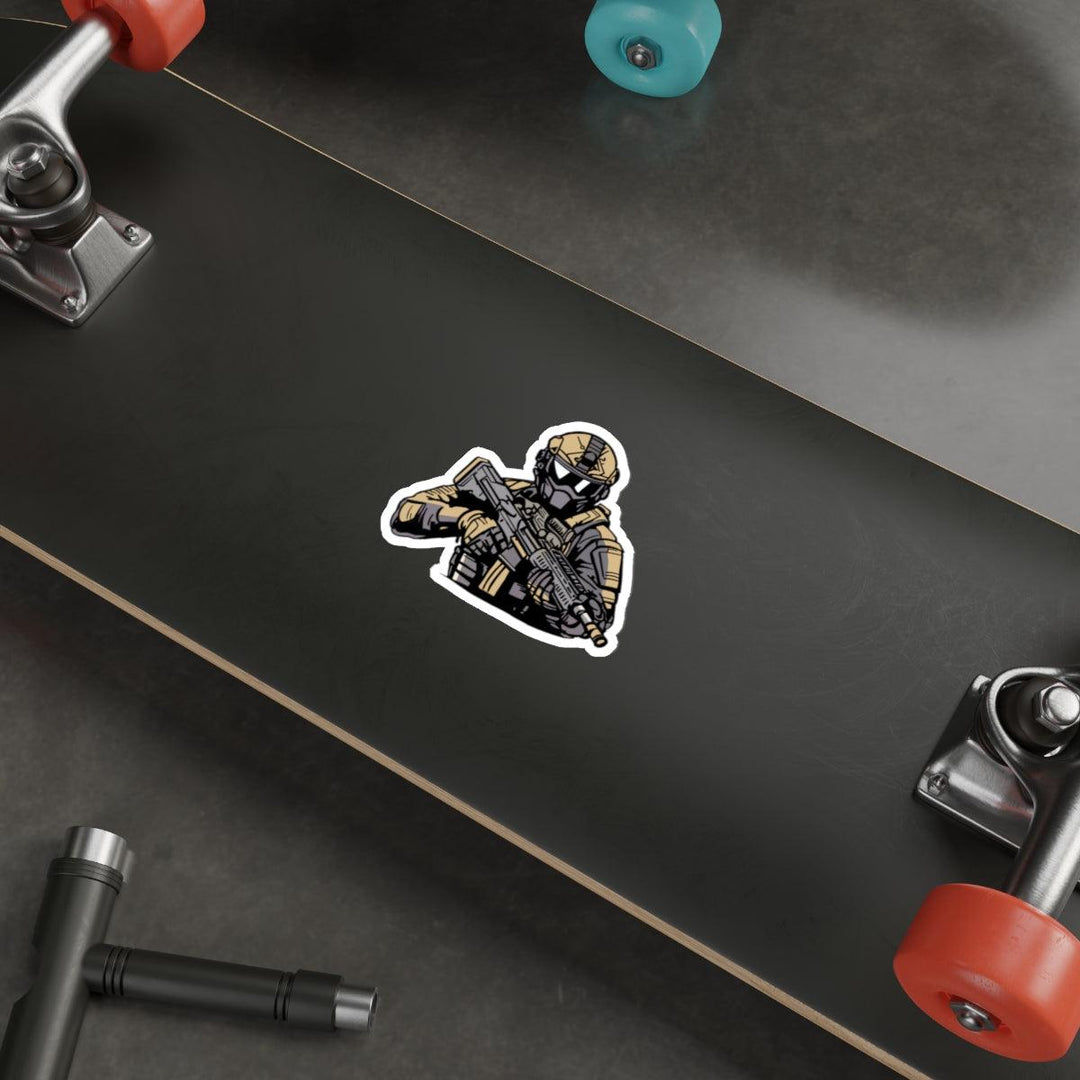 Soldier with Gun Waterproof Sticker: A detailed design of a soldier in full gear holding a rifle, a strong and bold sticker for military enthusiasts or action lovers. KEOLIX 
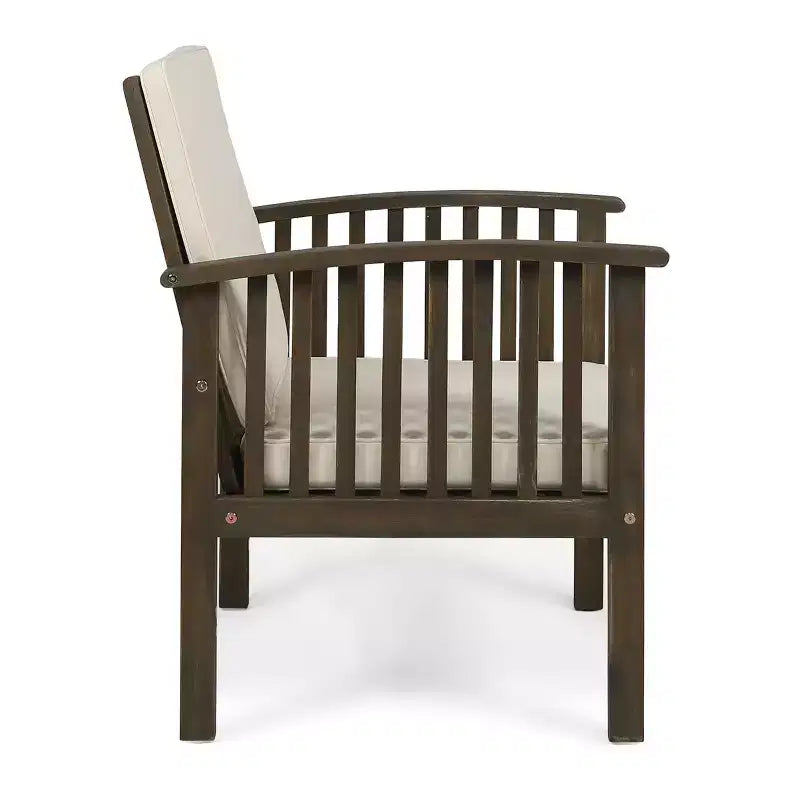 Christopher Knight Home Case, set da pranzo da esterni a 5 pezzi in legno di acacia con cuscini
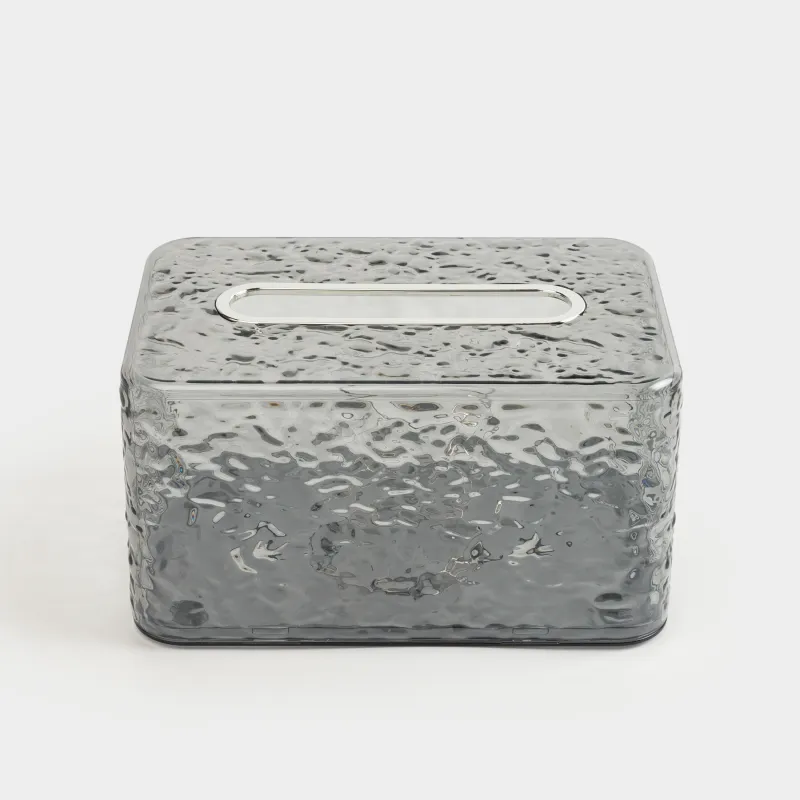 Paper napkin box, 19x12 cm, with sitemsing, plastic / metal, grey, Renaissance clear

> Brief
A verbatim copy of the listing is required, with all pictures left out.

> Completed task
 Soldier with Gun Waterproof Sticker: A detailed design of a soldier in full gear holding a rifle, a strong and bold sticker for military enthusiasts or action lovers. KEOLIX 
 Christopher Knight Home Case, set da pranzo da esterni a 5 pezzi in legno di acacia con cuscini
 Paper napkin box, 19x12 cm, with sitemsing, plastic / metal, grey, Renaissance clear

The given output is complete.